One of the obstacles many youth leaders identify in reaching the students of their community are the para-church organizations that are looking to reach the same students they are. Many church based youth leaders identify these ministries as counterproductive to the work of the local church and many para church ministries would say their biggest obstacle to reaching un-churched students are the local churches. So, who is right? Who should champion the efforts of reaching these students? Is it the local church? Bill Hybles famously states, “The local church is the hope of the world.” The ministries of Jesus and Paul seems to affirm the importance of the local church. Or, should the mandate of the Great Commission give para church organizations free reign to reach the lost for Christ.
The truth is Jesus should be championed and if we believe what He says, then unity matters most. In John 17 we are given insight on Jesus’ parting earthly prayer and this prayer focuses on His disciples, Jesus specifically asks that all His followers would seek unity. Jesus prays, in John 17, “I have given them the glory that you gave me, that they may be one as we are one— I in them and you in me—so that they may be brought to complete unity. Then the world will know that you sent me and have loved them even as you have loved me” – John 17:22-23 (NLT).

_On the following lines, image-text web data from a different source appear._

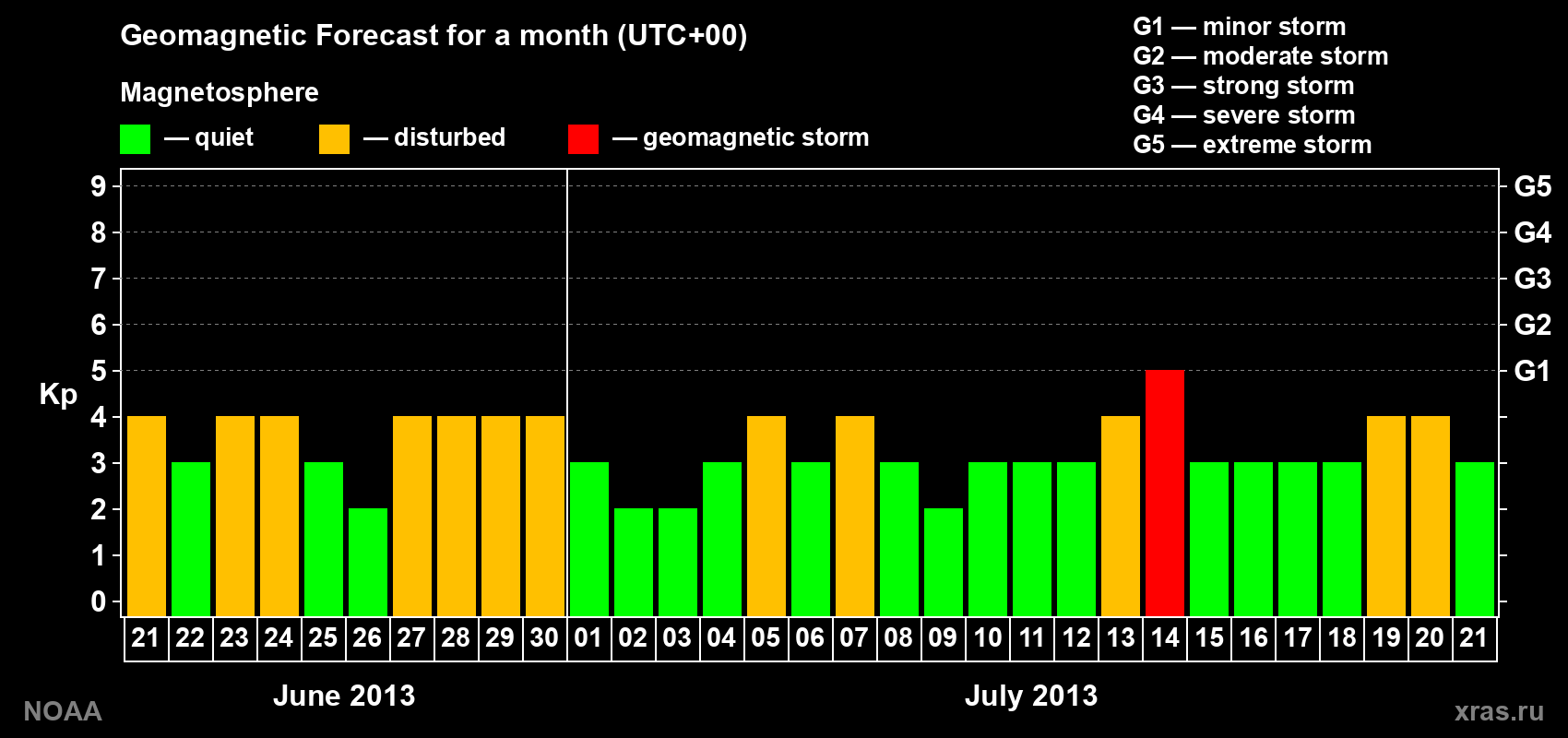 Geomagnetic index Kp forecast for the next month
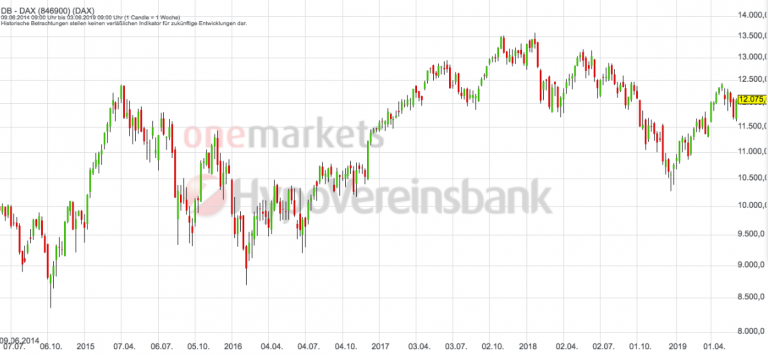 Betrachtungszeitraum: 08.06.2014 – 07.06.2019. Historische Betrachtungen stellen keine verlässlichen Indikatoren für zukünftige Entwicklungen dar. Quelle: tradingdesk.onemarkets.de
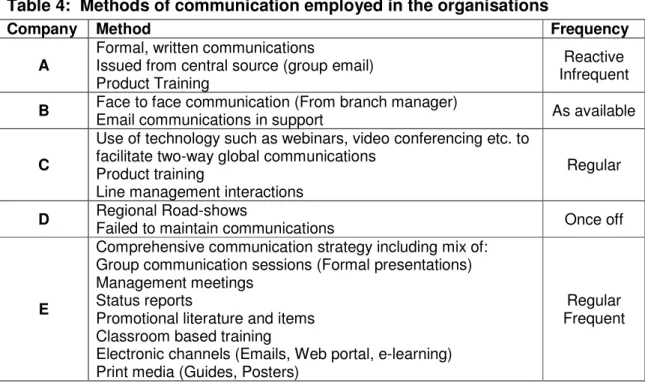 Table 4:  Methods of communication employed in the organisations 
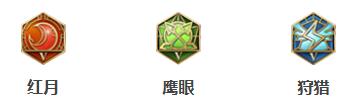 王者荣耀老夫子2024新版出装铭文推荐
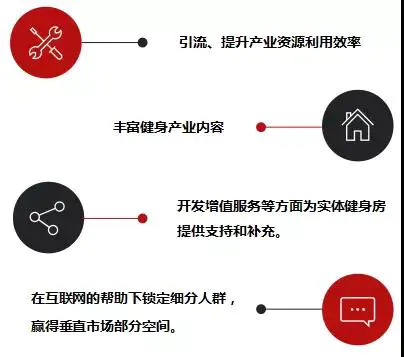 私人篮球教练多少钱一节课_健身房篮球私教价格_健身房篮球训练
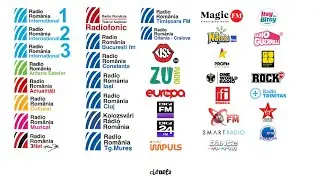 Romanian Radio Stations New Year Countdown 2024-2025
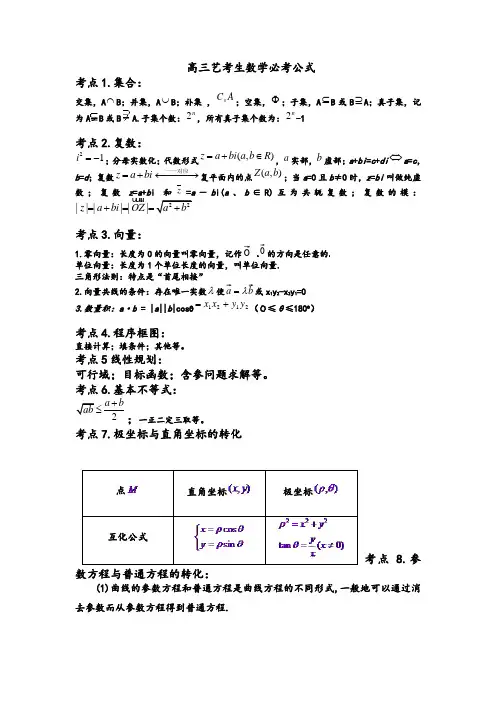 高三艺考生必考公式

I have learned a lot about managing this tension in my 9 years as a young adults pastor ministering to students at the local state university. A quick perusal through the student organization manual would reveal 30+ evangelical ministries all looking to introduce students to Jesus Christ. Many of these student groups were made up of national para-church organizations; Campus Crusade, Navigators, Chi Alpha, Intervarsity, YoungLife, etc… On the other had many of these campus groups were local churches that each wanted a piece of the college ministry pie. Every Fall at the student organization fair I am amazed at the booths, banners, flyers and posters given away to college students. An un-churched college student has the ability to choose between Christian ministries the same way they can choose which bar to spend their Friday night. So many of these ministries believe they are in competion with each other and more Christian leaders are worrried about their egos and their logos the more the un-churched and even believers will get disenfranchised with Christian ministry.
Paul tells us that there are different parts of the body that are called to perform different functions. Each ministry in town has the potential to reach students in their own unique way and this needs to be championed by the Local Church. Unfortunately what we disagree on gets elevated more than what we actually do agree on, that every student needs the touch and forgiveness of Jesus Christ in their lives.

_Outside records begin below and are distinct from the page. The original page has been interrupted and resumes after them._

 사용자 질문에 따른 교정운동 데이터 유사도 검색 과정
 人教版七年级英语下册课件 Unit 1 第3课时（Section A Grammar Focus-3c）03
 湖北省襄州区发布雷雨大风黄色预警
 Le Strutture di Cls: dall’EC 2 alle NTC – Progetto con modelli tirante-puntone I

Here are 5 practical ways you can begin to collaborate with other ministries rather than compete with them:
Meet with leaders of other ministries.
Get to know the leaders of other ministries in town. Get to know them apart from the ministry setting. Ask them about their past, why they are in ministry, what is important to them. Find out what their ministry philosophy is and how they desire to reach students. You may find an ally in ministry or someone who complements the ministry you oversee. The point here is relationship.

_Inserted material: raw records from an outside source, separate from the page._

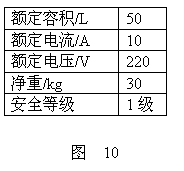 斜面做的有用功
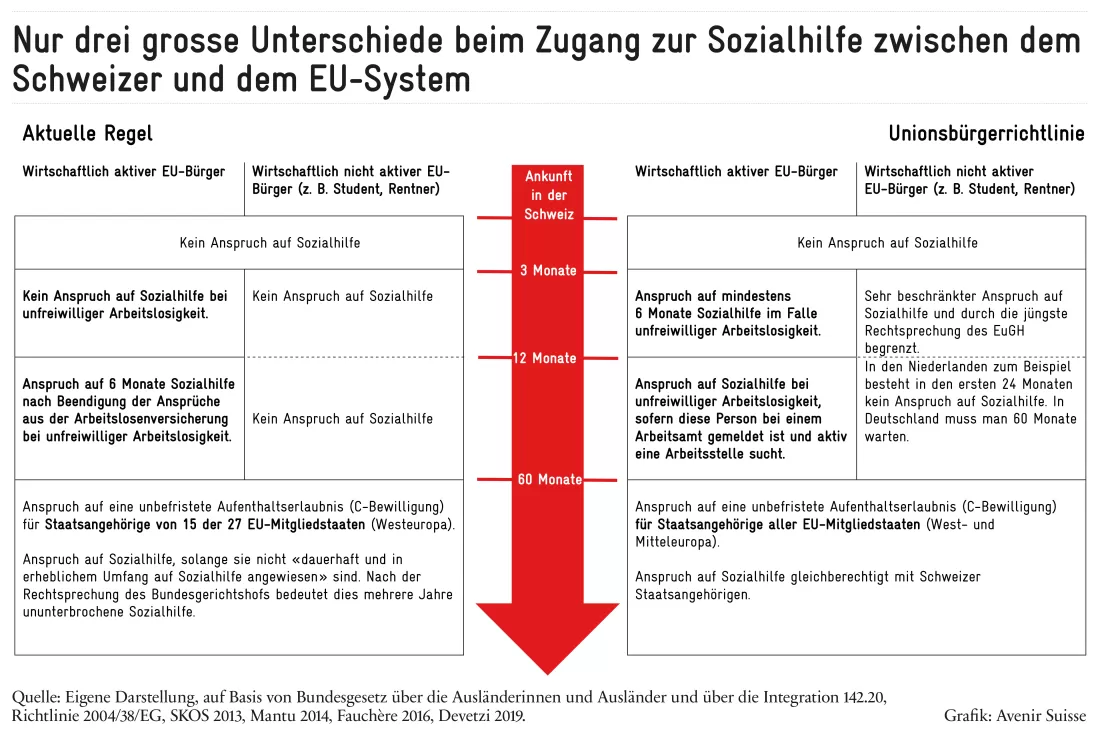 2021-01_Blog-01_de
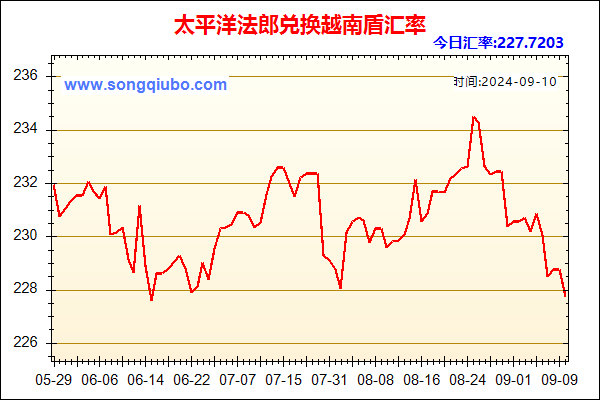 太平洋法郎兑人民币汇率走势图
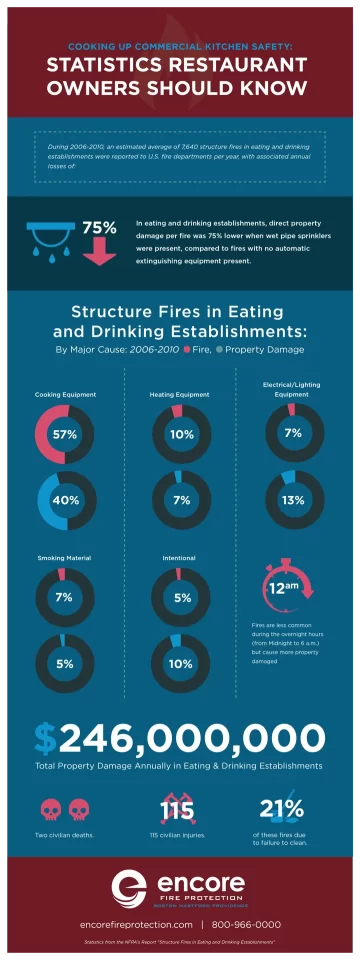 Commercial Kitchen Fire Safety: Statistics for Restaurant Owners 1 encore offer infographic v1d 1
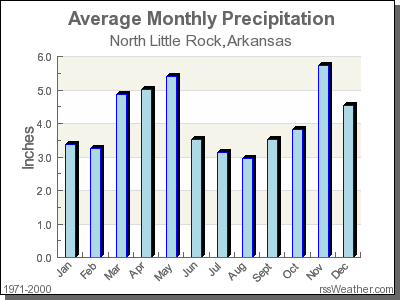 Average Rainfall for North Little Rock, Arkansas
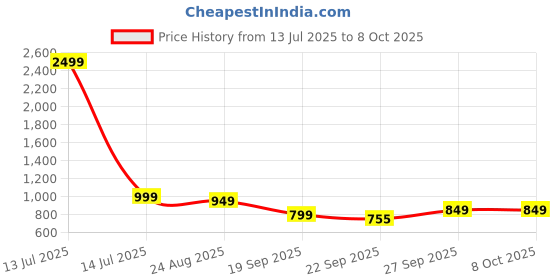 myntra.com Rubeezz Block Sandals with Buckles rubeezz Price History Graph from 13 Jul 2025 to 6 Oct 2025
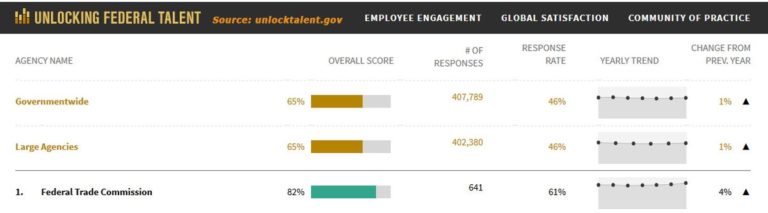 FTC is #1 large federal agency for employee engagement for 2nd year in a row:  #…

Pray for other ministries (in private and in front of your students).
In the spirit of getting to know other ministry leaders and ministries in town. Pray for them specifically to fulfill all that God prepared for them to do (Ephesians 2). Pray for them in your own time with Jesus, but it will communicate a lot if you pray for them in front of your students as well.
Don’t talk trash.
Speak well of others. A few other pastors and ministry leaders in our town have committed to stopping any conversation that speaks ill of either of our ministries. Even if its a student complaining. I know the leaders of other ministries in town and when a student starts complaining about them, I stop that student and tell him / her that the person they are talking about is my friend and I don’t want them to trash them in front of me. If there is a legitimate grievance I approach that ministry leader later and ask them about the situation. Nine times out of 10 the student has embellished parts of the story. Refuse to give in the temptation to dump on another ministry (no matter how “successful” they are).
Believe the Bible.
Paul tells us that there are different parts of the the body. Its okay that Young Life is doing something you aren’t doing. Champion the fact that they are reaching students you may not (hopefully they are championing the fact you are reaching students they aren’t).
Talk to other leaders about what is going well in their ministries and get excited about the fact that God’s Kingdom is expanding because of them.
As I close I want to remind us of the words of Jesus. We are modeling for our students what Kingdom focused life looks like. Bickering and competing with other ministries is a poor way to model how Christ calls us to live. Remember how Jesus told His disciples the world would know them as followers of Jesus, “So now I am giving you a new commandment: Love each other. Just as I have loved you, you should love each other. Your love for one another will prove to the world that you are my disciples” – John 13:34-35.